As you can see in this diagram we cannot notice much difference between the values of six, four, and one cores.
This will happen because NodeJs will use only one event loop, so only one core is sufficient to run the event loop. but to run other worker threads full NodeJs app may need additional cores, which is why we notice some error percentage for one core.
However, it is a waste of resources if we use six cores because we won’t achieve any performance gain after 4 cores.

We can see an interesting observation here. The reactive application can handle 10000 concurrent even one core without any failures and also with the highest efficiency
This reactive app can utilize the resources in the best efficient way. So this will lead to achieving high availability and speed at a low cost.
Increasing cores can achieve better performance as this reactive app can create more than one event loops based on available cores. So resources can be utilized as the business needs.

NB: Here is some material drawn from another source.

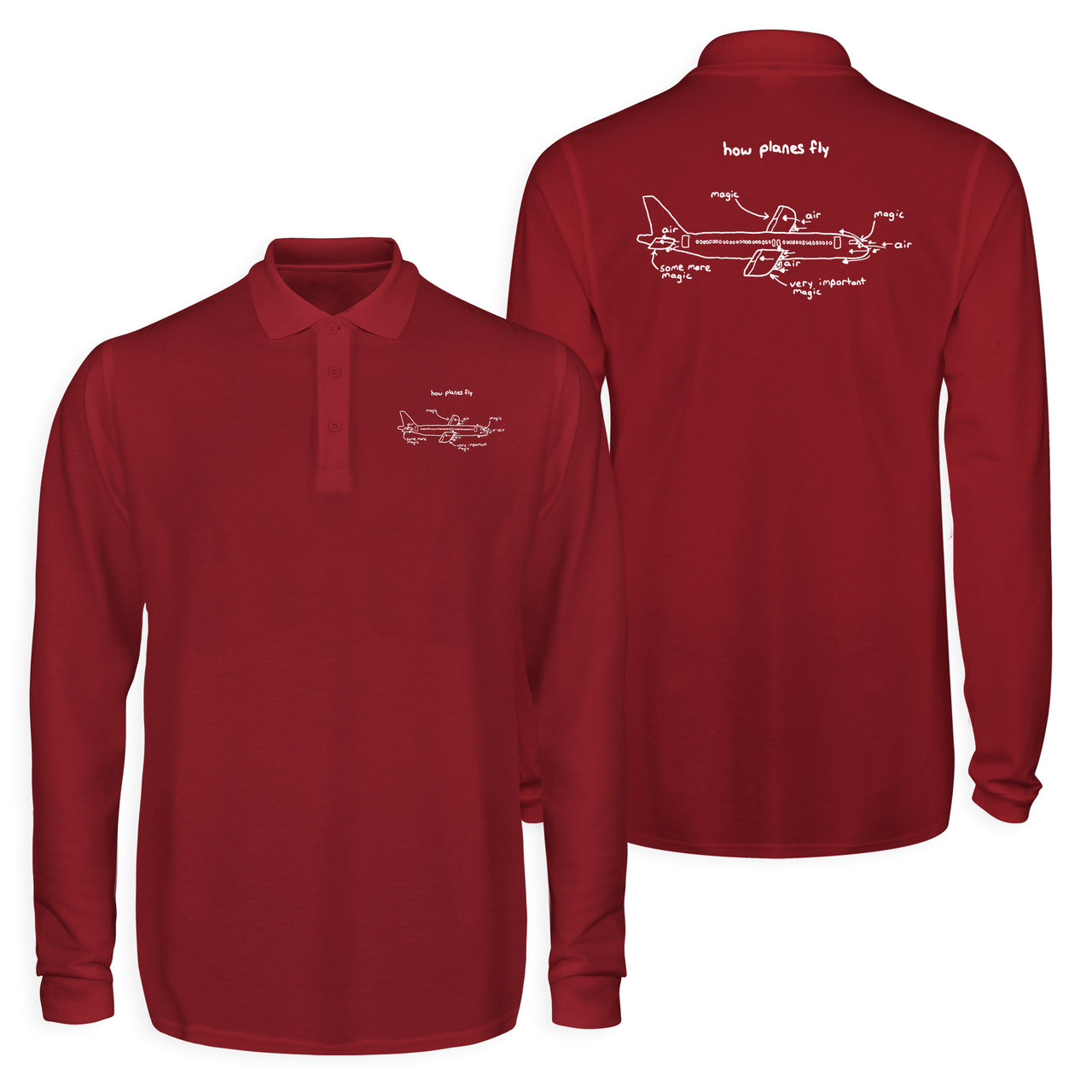 How Planes Fly Designed Long Sleeve Polo T-Shirts (Double-Side)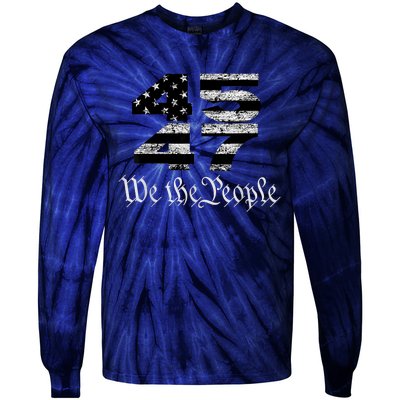 Trump 4547 Maga Us Flag 2024 Presidential Election Tie-Dye Long Sleeve Shirt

In this regular app, as you can see error percentage will increase when we decrease the resources. even this cannot handle 1000 concurrent users without failures with less than four cores
Also, the average load time also will increase when we decrease the resources

In this aync app, as you can see error percentage will increase when we decrease the resources. but better than the regular app
Also, the average load time also will increase when we decrease the resources

Final Conclusion

After observing all the above results and thinking logically, we can come up with the below conclusions.

Java reactive is a very prominent architecture to use because it can handle more concurrent users with fewer resources. So it will not only work with high load and high availability, but it will reduce the cost of the business as well.
If an organization has a team with java developers and wants to serve their customers with a high availability system, java reactive architecture is a good solution.
If an organization has fewer customers to serve and has a team with java developers, then the java async and regular approach is the most suitable approach. because the cost will be high to hire a development team that has experience in a different technology like NodeJs.
Also to use the java async approach with completable futures, require some experienced developers in java. So in some situations, java regular way is the most cost-effective approach. That decision should be taken by considering lots of factors, like the experience of the development team, the number of customers that the business has, cost constraints that have to handle the software system and cloud and etc.
NodeJs is the next very prominent architecture after the java reactive approach because it can handle more concurrent users with fewer resources than java regular and async way.
If an organization has a development team that has developers with experience in NodeJs and has a large customer base, then this NodeJs is the suitable architecture to use.
If an organization has a moderate size customer base and developers with javascript backgrounds with some cost constraints, then this NodeJs is the best to use.

So in this experiment according to our observations and conclusions, our hypothesis will become true as like below

But you should keep in mind any architecture among the above four architectures is a usable and most suitable architecture depending on the business requirements and technology infrastructure of the organization. So the most suitable one should be decided by considering various factors.